◆ Problem requirements: Pull every line containing "with" from the entries.

Caption-style text data:
__________________________________________________

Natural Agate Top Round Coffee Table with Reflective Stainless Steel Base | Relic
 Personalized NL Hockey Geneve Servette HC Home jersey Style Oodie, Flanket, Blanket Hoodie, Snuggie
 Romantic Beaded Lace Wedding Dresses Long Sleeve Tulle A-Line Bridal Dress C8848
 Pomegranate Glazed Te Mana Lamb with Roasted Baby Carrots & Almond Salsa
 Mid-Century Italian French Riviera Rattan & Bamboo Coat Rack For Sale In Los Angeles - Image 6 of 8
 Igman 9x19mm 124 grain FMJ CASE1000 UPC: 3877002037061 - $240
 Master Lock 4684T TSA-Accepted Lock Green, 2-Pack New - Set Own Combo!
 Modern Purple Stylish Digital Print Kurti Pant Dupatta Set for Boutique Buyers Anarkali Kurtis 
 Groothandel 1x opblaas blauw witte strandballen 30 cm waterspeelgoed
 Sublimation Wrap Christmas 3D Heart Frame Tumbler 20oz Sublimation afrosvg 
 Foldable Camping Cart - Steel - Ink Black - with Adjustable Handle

__________________________________________________

◆ Response to this exercise:
Natural Agate Top Round Coffee Table with Reflective Stainless Steel Base | Relic
 Pomegranate Glazed Te Mana Lamb with Roasted Baby Carrots & Almond Salsa
 Foldable Camping Cart - Steel - Ink Black - with Adjustable Handle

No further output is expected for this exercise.